ATRF Posts its 2018 Judicial Hellholes Report
Since 2002, the American Tort Reform Foundation’s (ATRF) Judicial Hellholes® program has identified and documented places where judges in civil cases systematically apply laws and court procedures in an unfair and unbalanced manner, generally to the disadvantage of defendants. More recently, as the lawsuit industry has aggressively lobbied for legislative and regulatory expansions of liability, as well, the Judicial Hellholes report has evolved to include such law- and rule-making activity, much of which can affect the fairness of any given jurisdiction’s civil justice climate as readily as judicial actions.
ATRF has now published its 2018 edition of Judicial Hellholes, listing nine venues that are hostile to defendants, and identifying seven courts that bear watching because they may be moving closer to or further away from a designation as a Judicial Hellhole.

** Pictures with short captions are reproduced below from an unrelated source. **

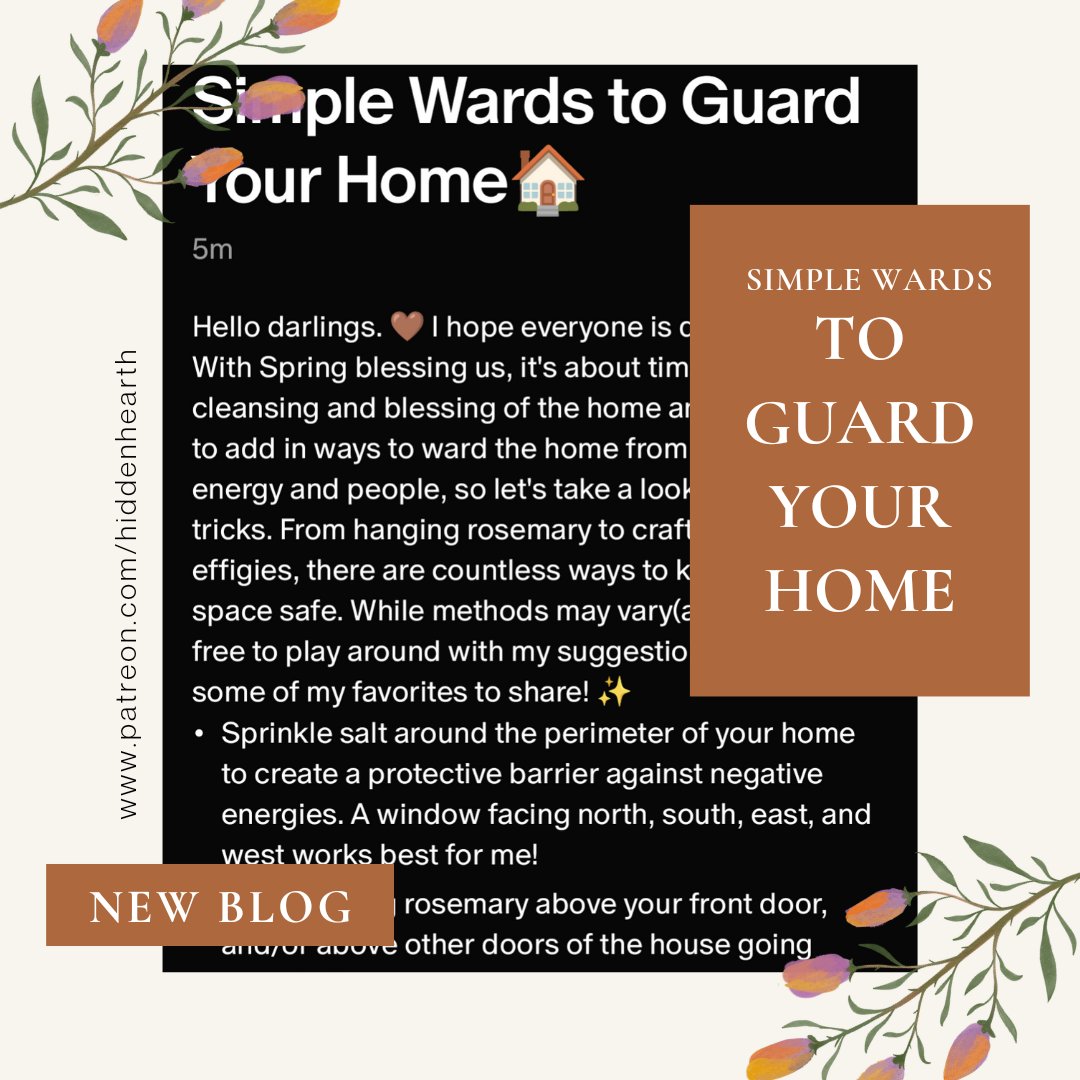 thehiddenhearth's tweet photo. Howdy yall☀️Ready to dive into the enchanting world of folk magic? 🌿 Our latest post on Patreon is now available for everyone! Discover the art of Simple Wards to Guard the Home – from salt barriers to crystal grids, we've got all the tricks to keep your space safe and sacred.💫 https://t.co/aw3vtHUVh2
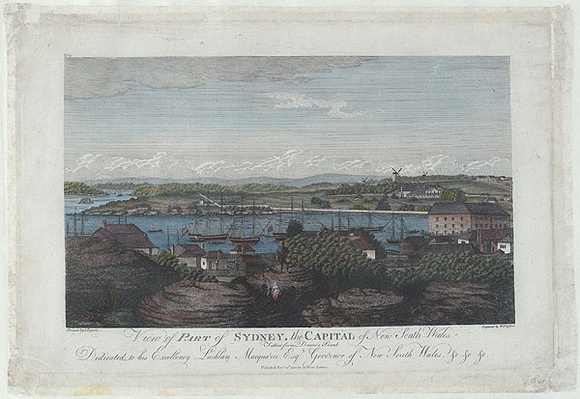 Title: bView of the Town of Sydney, the capital of New South Wales. Taken from Dawes's Point. | Date: 1812 | Technique: b'engraving, printed in black ink, from one copper plate; hand-coloured'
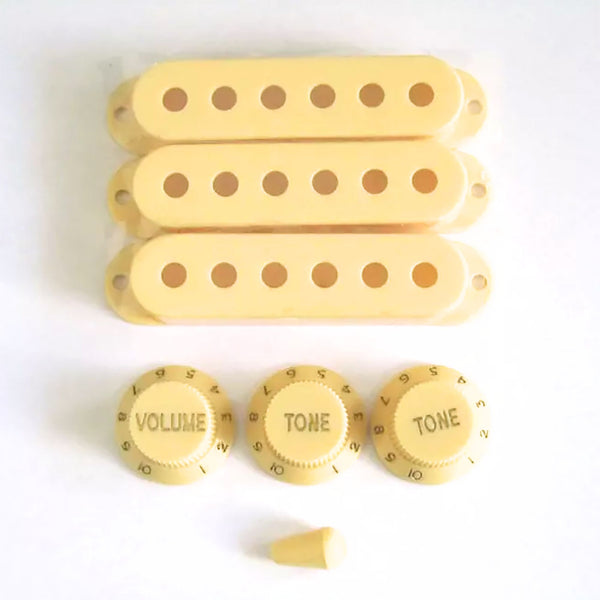 Strat Guitar Cream Pickup Covers, Knobs & Switch Tip Set Knobs from Ploutone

Two Texas judgments were singled out for dishonorable mention: a Dallas County judgment for $242.1 million in damages to a couple whose children were injured in a car accident, and a $740 million Bexar County judgment arising out of a theft of trade secrets case, which is touted as the largest adverse judgment in the nation in 2018.
The ATRF is a District of Columbia nonprofit corporation, founded in 1997. The primary purpose of the Foundation is to educate the general public about how the American civil justice system operates; the role of tort law in the civil justice system; and the impact of tort law on the private, public and business sectors of society.